32 years ago, on 09 November 1989, the German domestic border between FRG and GDR was lifted (called BRD and DDR in German). After around 40 years, the Germans were re-united and the wall was removed from the so-called death zone. Over the past decades, the former border became a tourist attraction in Berlin. Now there are e.g. guided tours along the border crossings and the wall museum. But it’s often forgotten that the border went through the entirety of Germany. It was about 1,393 km, leading from Lübeck to the Ore Mountains. Now, natural, unaltered greenery takes the place of the former fences and walls – the Green Belt of Germany (“Grüne Band Deutschland”).
The Green Belt lives up to its name. It consists of 150 nature reserves with over 1,200 endangered species, which form together the largest biotope bond of Germany. An ideal destination for nature, animal and hiking lovers. Two long-distance runners, Michael Maier and Walter Eberhard, from Villingen-Schwenningen, Germany thought so too. 2009, the two became aware of the Green Belt through a TV documentary.
Over the duration of two years, they curiously explored the impressive educational nature and history trail. Even though the beeline distance from the Baltic Sea to the Czech border is 420 km, the border was 1.393 km long. The reason are the former dukedoms and principalities of the “German Confederation” from 1815. In five time blocks they spend about 31 days on the path. To cover the whole lengths, they walked around 40 km by foot daily.
The two were amazed by the path steeped in history. It had so much to offer that they did not feel like they managed to see everything. This is why they visited the Green Belt an additional ten times and spend over 50 extra days in the fascinating natural landscape. During the trips they took around 7,000 pictures and they desired to give others an understanding of the Green Belt. In his book “Das Grüne Band aus einem etwas anderen Blickwinkel“ (“The Green Belt from another perspective”) Walter Eberhard writes about their multi-facetted experiences. It will be published 2021 by the Neuer Weg Verlag. He also offers lectures (more information below).
In this interview Walter Eberhard speaks about their exploration of the Green Belt and their development progress from sport competitions to Slow Travel.
What exactly is the Green Belt?
The Green Belt is the former border strip between the FRG and GDR. Immediately after the opening of the German domestic border, the BUND, an organization for environment and nature protection, started an initiative to protect the border strip. It was supposed to become a retreat area for animals and plants. This is how the death strip became a lifeline. The long-time plan is to create the largest forest and open landscape biotope bond system of Middle Europe from this area. Following through with it, a national park shall be developed from the Baltic Sea to the Vogtland.
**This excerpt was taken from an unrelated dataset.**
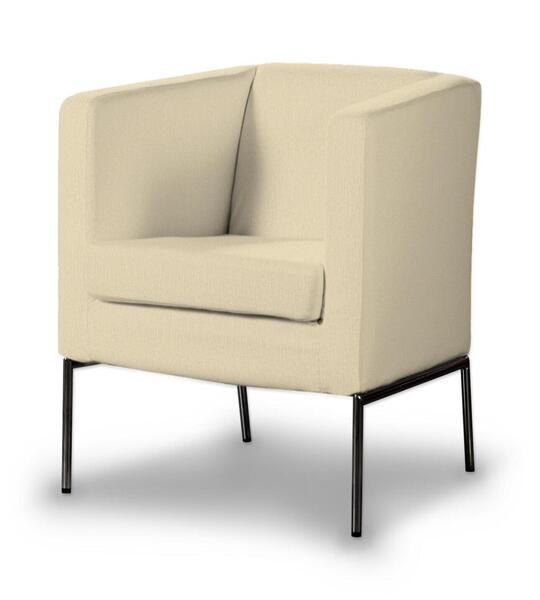 Klappsta Armchair Cover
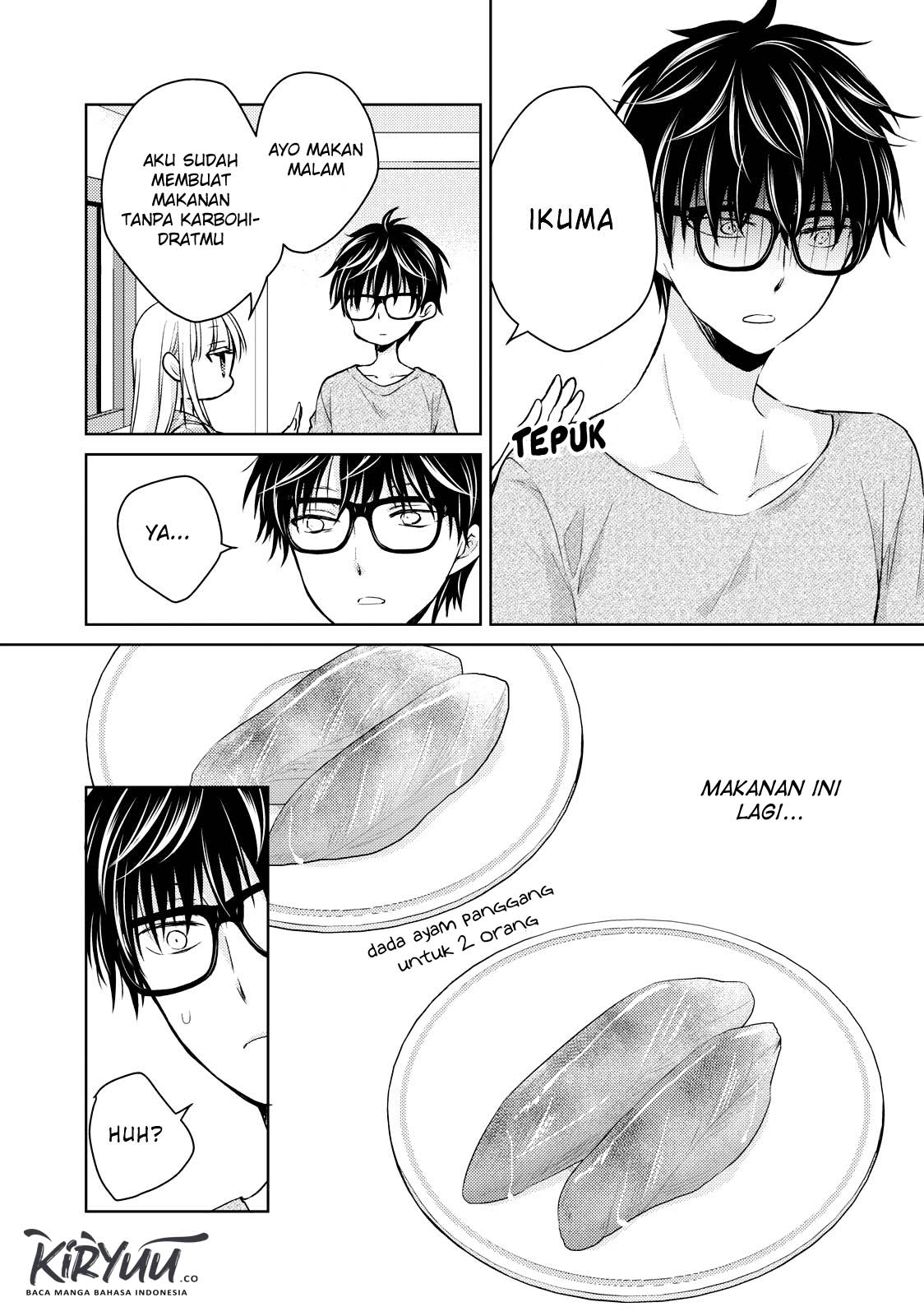 Chapter 35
During the active border time, a metal fence ran between the two sites. The area directly located at the fence was kept plant free. Next to this death strip was an at least 500 meters wide, strictly surveilled “protection strip” with low-kept, steppe-like vegetation. In front of it was a five kilometers wide restricted zone in which traffic and industry was cut back immensely. On the Westside of the borderland there wasn’t really much happening either. In these areas animal and plant life could live and grow peacefully. Above all, endangered animals and pants benefited from it. The whole area of the Green Belt, which in this way was just exposed to much less human impact, is calculated to be about 8,000 km2. This corresponds to the half the area of Thuringia or around a quarter of Baden-Wuerttemberg.
Could you describe the landscape that you found there now during your explorations?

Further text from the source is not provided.